Le Petit Chef
reviewed by : Melissa Richter
20 April 2019
What exactly is Le Petit Chef? Well, it’s unlike any dining experience you have probably ever had. Imagine a whimsical combination of world-class dining, cutting edge 3D mapping technology, delightful story telling and first class service and cuisine, and that only just begins to scratch the surface for what this is. First launched in 2015 in Belgium, it was an immediate internet sensation that has since taken the world by storm. The concept is simple, a very small “thumb-sized” chef is projected onto your table where he spins an intriguing tale of his history cooking in France, and then embarks on a tour across Asia following the path of Marco Polo while discovering the exotic tastes and aromas of the Far East. The Park Hyatt is the only place in South East Asia where you can currently experience this upgraded version of the “Marco Polo Journey” and the 5-course meal can be enjoyed with or without wine pairing. It’s an intimate setting with a chef’s table concept with a maximum of 16 guests per seating at two communal tables. The diminutive chef grabs your attention and weaves a spirited tale through the use of colorful images and sounds that drench your senses as they get projected onto your plate and table while transforming the mood and look of the entire room. It encompasses the true spirit of a fantastical “moveable feast” that leaves you feeling all at once thrilled, and truly pampered.

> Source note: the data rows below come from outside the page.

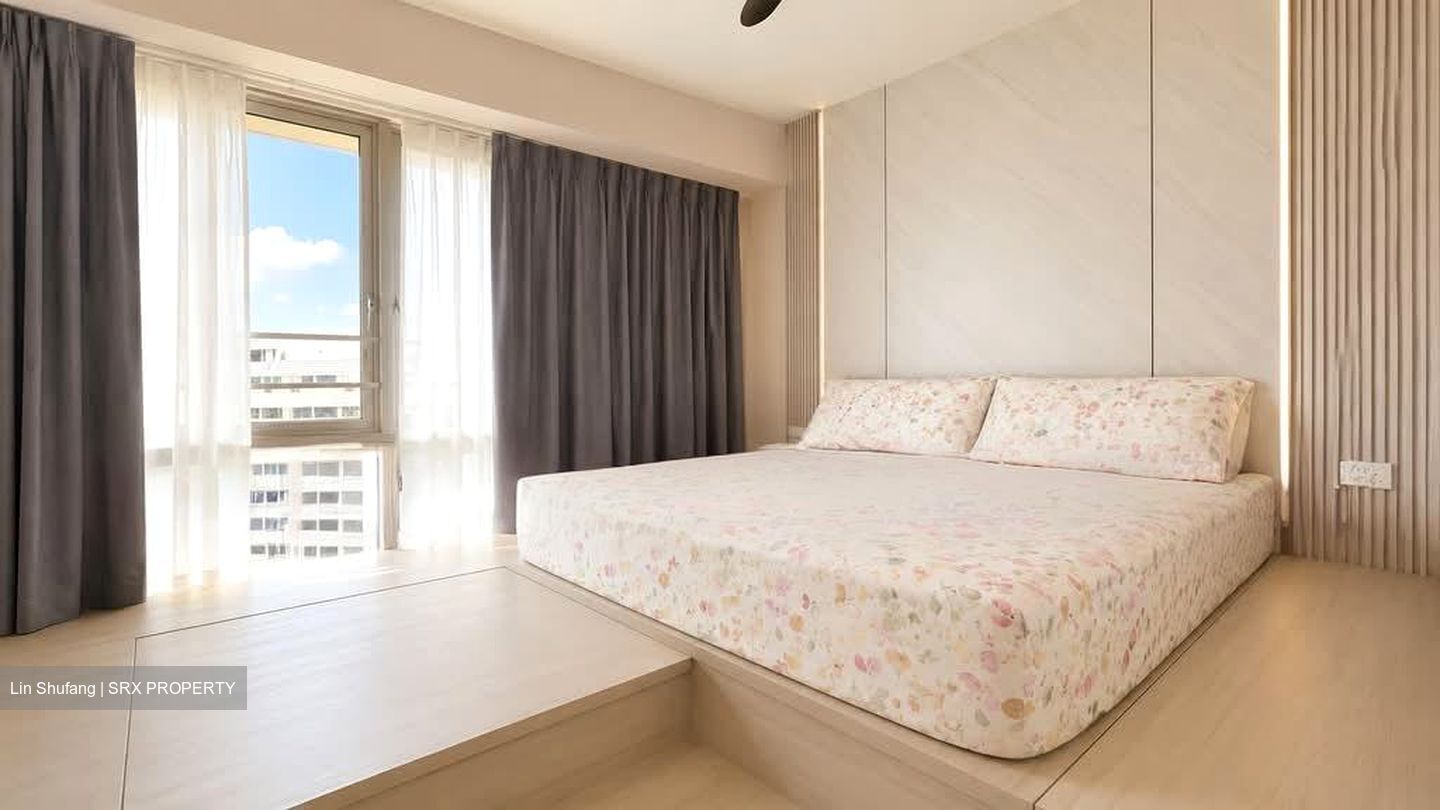 Caspian (D22), Condominium #628496081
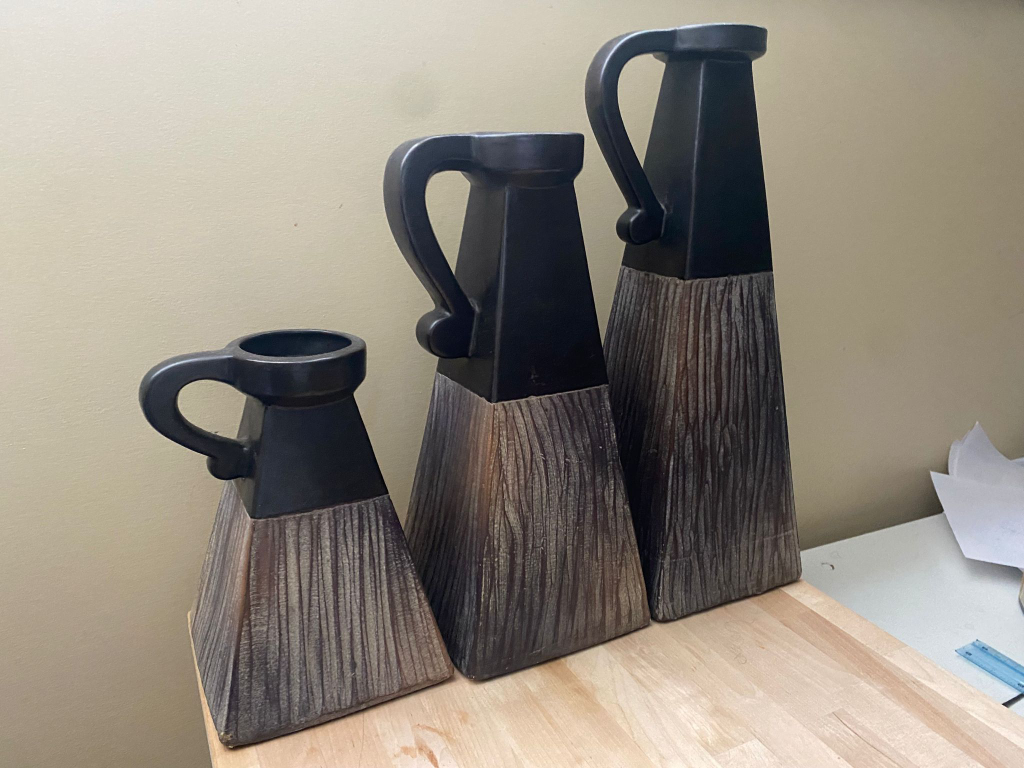 vase decor set - photo 3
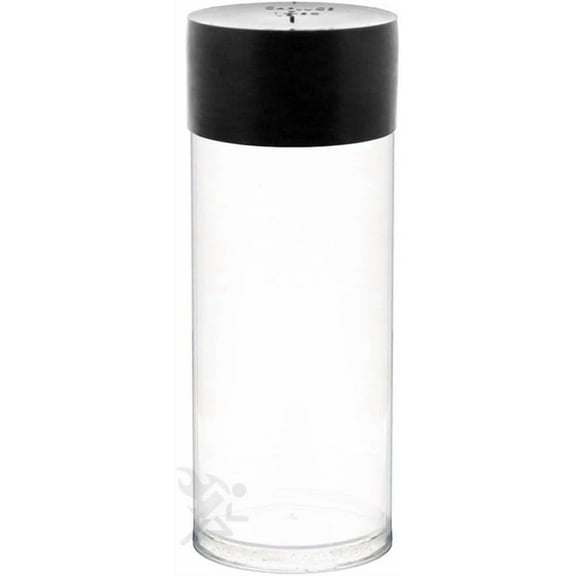 OnFireGuy Capsule Tube for Air-Tite LRG - Model H Coin Capsule Holders | Coin Holder Storage Tube (1pc Black Cap Tube)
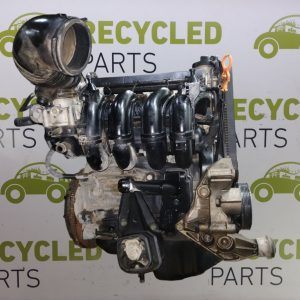 Motor Vw Gol 1.4 8v (06041453)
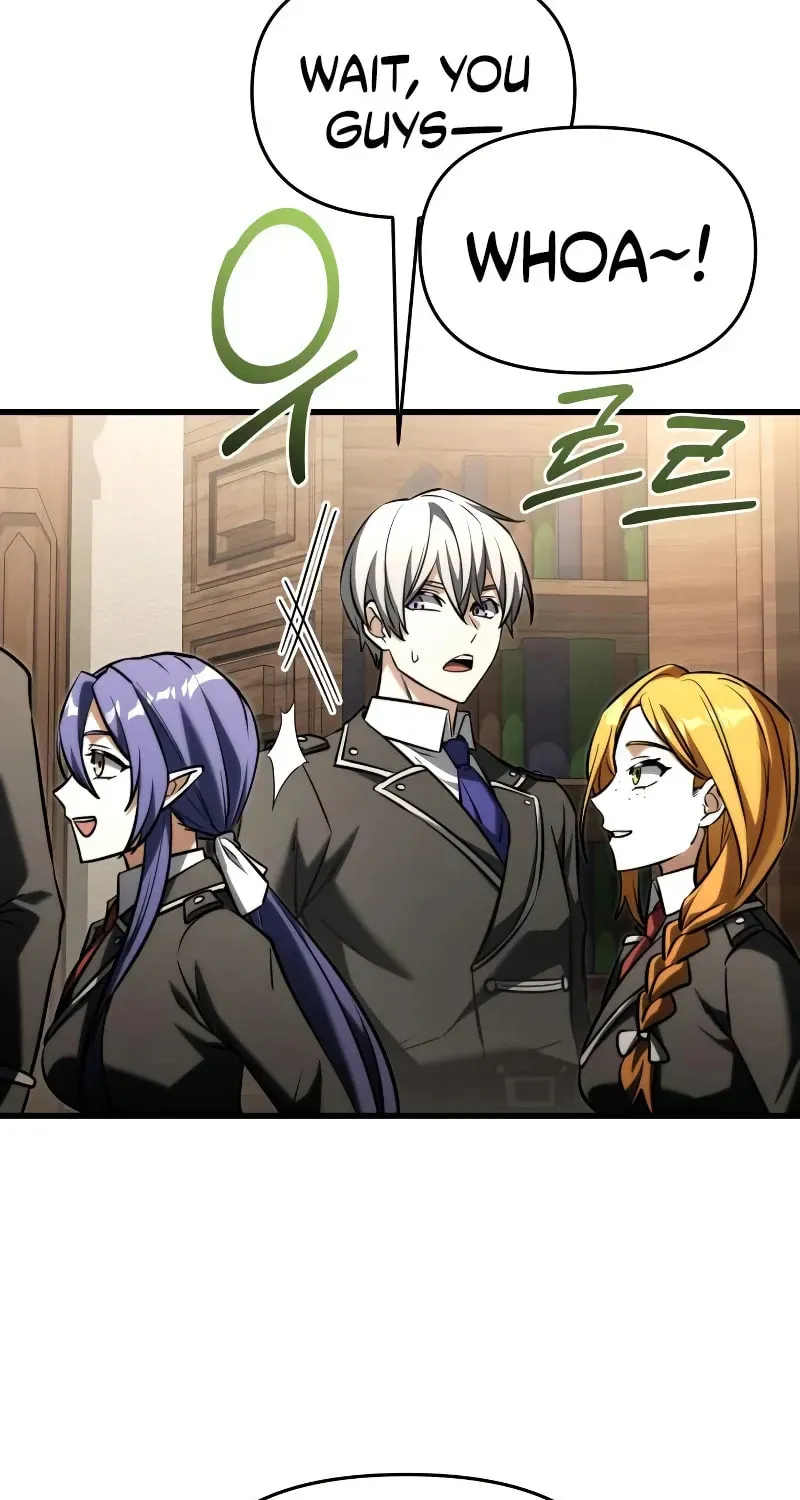 Read Time-Limited Genius Dark Knight chapter 149.4 image 62 on Lezhin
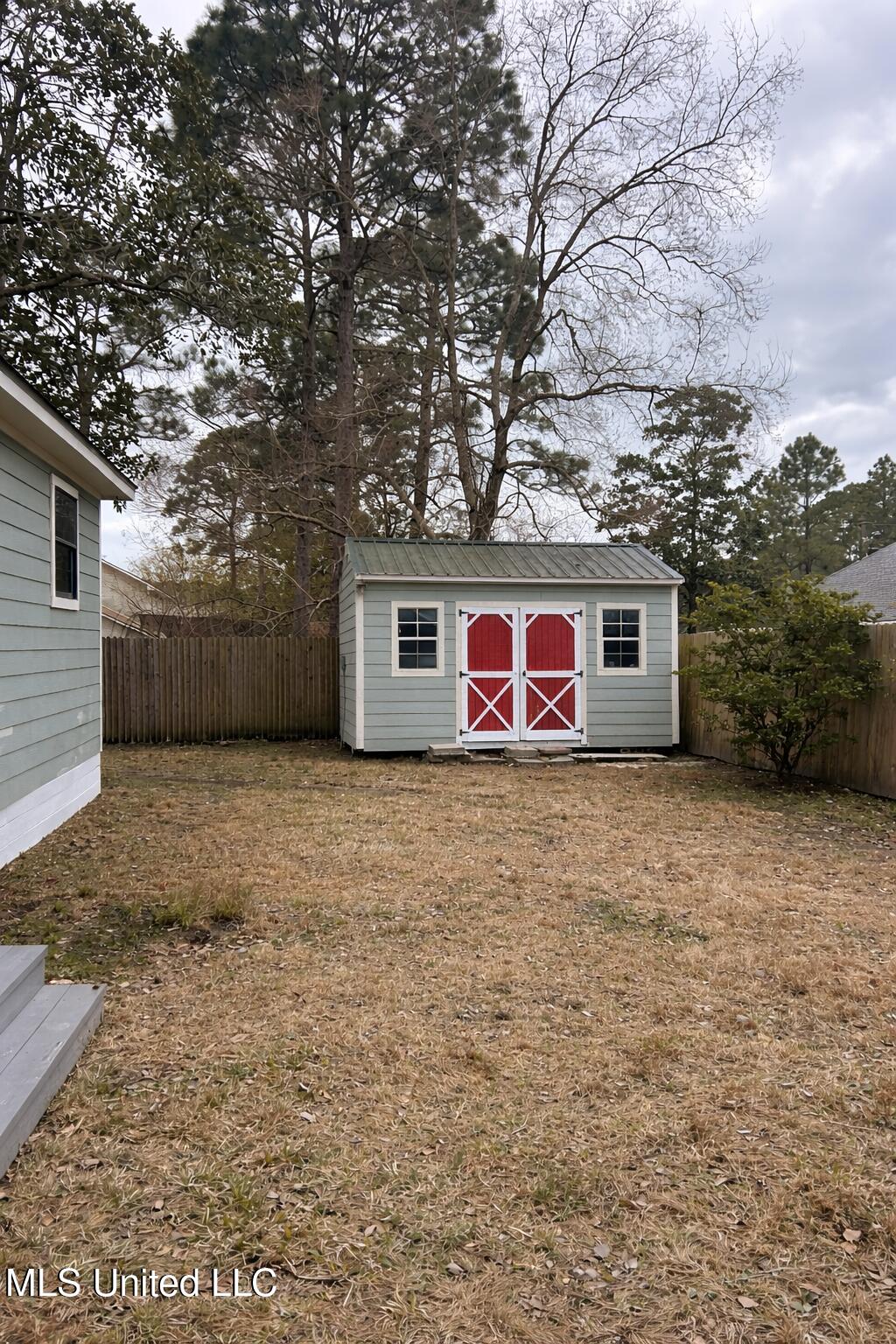 2617 Tampica Road Gautier, MS 39553 - Photo 19 of 24 outside new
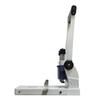 U-MACH Manual Two-Hole Punch CN plug (adapter included)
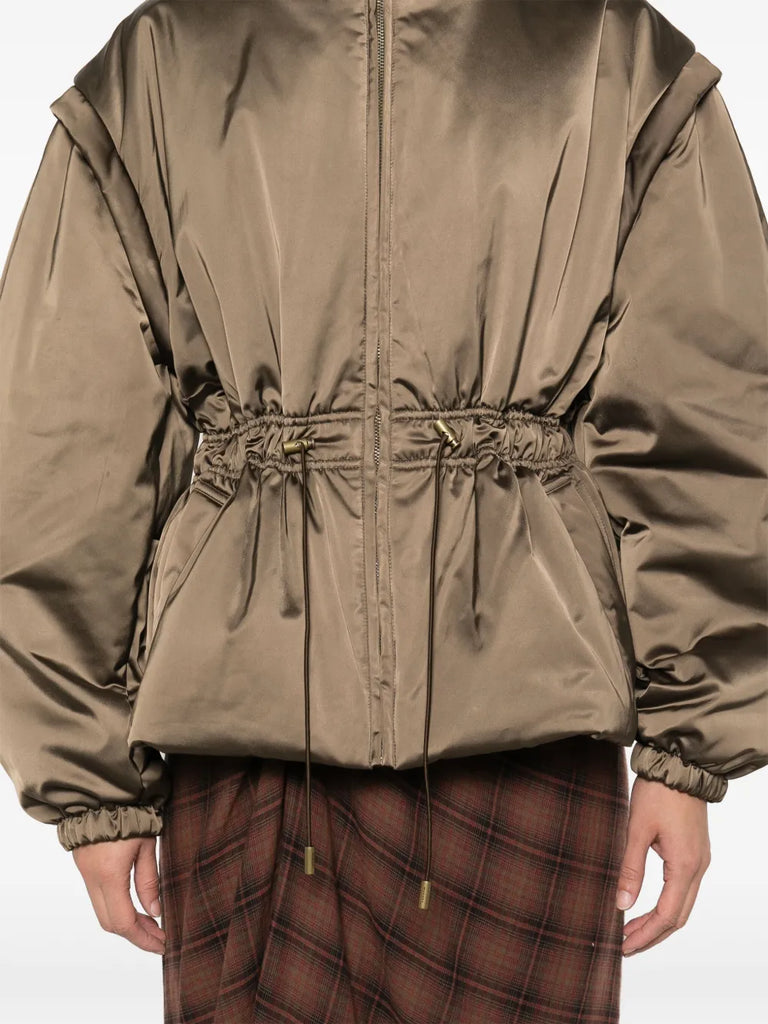 Dastyni coat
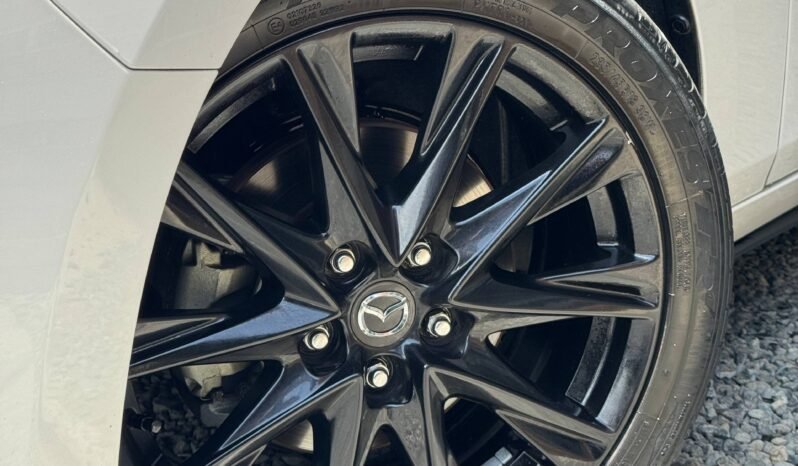 
								MAZDA 3 TOURING AT 2.0 HIBRIDO SD full									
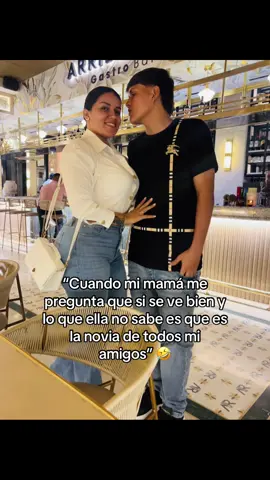 #mama #mamaehijo #fyp Ajakaka no le digo 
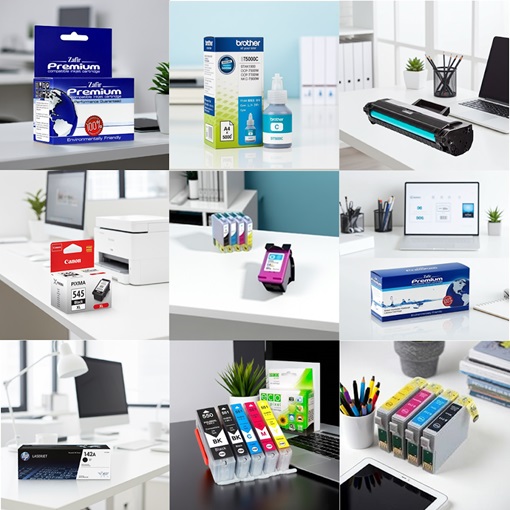 Nyomtatópatron bolt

This is special occasion dining at its best, and I highly recommend that go for the wine or wine and champagne option as they have one of the most innovate wine pairings that I have had in a while. We started off with an amuse bouche of Duck Foie Gras , Gingerbread & Quince Paste along with a Black Truffle & Celeriac Gougere w/ Aged Comte Cheese. This was a great way to start the night and it was elevated as it was paired a sensational Pink Porto from Portugal. The first stop on the journey was Arabia, where we were presented with a trio of delights which included a bright and fresh Grilled Prawn w/ Fattoush Salad & Sumac and a lovely mini Lamb Skewer w/ Cumin, Bulgur, Labneh & Garlic. This was served with a bold Aimery Nobles Vignes Chardonnay, 2017 from France. Next, we were off to India with another trio of dishes including a dal and two curries, the most significant of which was the Scallop, Cauliflower, Oscietra Caviar & Madras Curry. This was served with a stunningly good spicy red Yali Wetland Reserva Carmenere, 2013 from Chile. I would have preferred something cooked a la minute or a fried or grilled dish instead of two curries and soup and felt that this was the least successful course of the evening. Next was the Pineapple & Ginger Sorbet paired with a brilliant shot of Beluga Noble Russian Vodka. It was served with a flurry of dry ice and dramatic flair and aptly balanced the subtle interplay between salty and sweet flavor profiles in an elegant and refreshing way. The final leg of the journey took us to China for our main course where we enjoyed a Steamed Sea Bass w/ Bok Choy, Soy & Ginger along with Lobster Dim Sum & Jasmine Rice. Served with a semi-dry Lapostolle Grand Selection Sauvignon Blanc 2016, from Chile, this was well plated and a hearty portion, but it was slightly let down by the fact that both the lobster and the bass were a bit overcooked. For dessert, Le Petit Chef pulls a special surprise that I won’t spoil, but suffice it to say, it is a visually stunning, absolutely delicious and truly memorable way to end the meal.
Overall, this dinner can be universally enjoyed by foodies of any age. The service is impeccable, the wines are top notch and the food was quite good. This is much more than a gimmick, and the experience evokes a true sense of wonder and delight, and they have managed to successfully create something quite magical in the competitive world of gastronomy.